Although I’ve transferred from biology to global health, I read a lot of books in related fields before I came to DKU. The global health program curriculum is very reasonable and friendly for people from a variety of fields. The program not only arranged meetings for us to talk with our supervisors every month about difficulties in life and study, but also encouraged interaction between students and faculty to help us get to know each other better. These are some of the reasons why I like Duke Kunshan. At DKU, everyone has meals together, so you can easily have a chat with the leading figures in different fields every day.
My favorite course was “Culture, Health, and Illness in a Global Perspective” taught by Professor Allan Burns. We learned social science theories that intersect with the practical concerns of public and global health. We also read extensively about the history of policy, anthropology, community participatory research, and concepts of structural violence, social change and the application of anthropology to health problems.
What have you done for your field work?
Our goal is to create sustainable reduction of alcohol-related injury in Moshi, Tanzania. Industrial production and home production of alcohol are extremely common in Tanzania, and the price of alcohol is low. Alcohol use is ingrained in the culture there. Moshi has at least 600 bars. Data show approximately 30 percent of patients with injuries were consuming alcohol at the time of injury. Therefore, we are working on developing alcohol interventions at the Kilimanjaro Christian Medical Centre to reduce future alcohol-related injury. My project is a mixed-method study that explores perceptions of alcohol and alcohol-related risky behaviors and their associations. I hope to get more information about the local culture and perceptions to work toward developing interventions.
I did two things in Moshi. The first was my qualitative research of seven focus groups at KCMC about alcohol perception.

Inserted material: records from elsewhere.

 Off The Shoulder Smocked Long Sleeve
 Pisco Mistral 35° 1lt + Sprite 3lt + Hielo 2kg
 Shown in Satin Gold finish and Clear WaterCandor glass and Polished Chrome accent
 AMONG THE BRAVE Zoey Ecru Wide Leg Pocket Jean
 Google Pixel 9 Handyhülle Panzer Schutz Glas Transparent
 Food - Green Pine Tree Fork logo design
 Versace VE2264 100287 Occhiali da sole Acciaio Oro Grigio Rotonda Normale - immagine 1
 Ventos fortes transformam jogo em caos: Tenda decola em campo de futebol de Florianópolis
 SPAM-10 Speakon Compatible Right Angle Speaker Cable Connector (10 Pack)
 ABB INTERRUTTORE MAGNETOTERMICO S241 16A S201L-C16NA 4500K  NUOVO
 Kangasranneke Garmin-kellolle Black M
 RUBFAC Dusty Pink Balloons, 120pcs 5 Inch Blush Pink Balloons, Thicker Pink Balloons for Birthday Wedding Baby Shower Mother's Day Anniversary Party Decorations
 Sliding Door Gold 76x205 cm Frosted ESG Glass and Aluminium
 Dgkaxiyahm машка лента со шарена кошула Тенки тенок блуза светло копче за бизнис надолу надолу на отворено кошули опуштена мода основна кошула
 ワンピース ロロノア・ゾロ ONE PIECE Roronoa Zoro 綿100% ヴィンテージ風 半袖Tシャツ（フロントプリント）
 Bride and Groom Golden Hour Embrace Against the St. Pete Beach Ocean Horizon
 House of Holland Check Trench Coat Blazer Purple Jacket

My team has four research nurses and five research assistants. I was both the leader and the student of my team. I was the leader because I had to coordinate many research projects and lead my own research. I was also the student because my team members had much more hands-on research experience than I had.
The second thing I did was my Moshi survey. I conducted an ethnography of Moshi to understand its social and cultural environment, including production, economy and exploitation status. Through dozens of interviews, personal observation and extensive reading, I gained a deeper understanding of East African culture and identified the root cause of many development obstacles. With the start of neoliberal reform in the 1980s, not only have local industries been suffocated but medical systems have also deteriorated due to meager allocation of funds and privatization. Encouraging consumption rather than saving, the ever-encroaching capitalism into all areas of life in Tanzania fostered a drinking culture via the media’s promotion of alcohol. This resulted in increased poverty, health problems and a harmful culture of alcohol use.
How has Duke Kunshan's global health program influenced your plans?
Coursework, fieldwork and writing my thesis at DKU made me realize the extreme imbalance of rich academic knowledge in light of increasing disparities, not only in China but in many countries. Despite the increasing knowledge about health, health care disparities in China are widening and alcohol consumption is rising. Gaining knowledge of health systems, ethics and sociology from my global health coursework, together with my solid qualitative research skills, has enabled me to apply theory and data to reduce health disparity and further prepared me to be an activist in human rights. Therefore, I decided to apply for Ph.D. programs in health policy and labor protection so I can further my research. I hope to advance my understanding of labor protection as a window into changing exploitive working conditions in China and beyond, as well as providing free health care, as it is a basic human right. I wish to work either in the government or in academia to speak for the poor.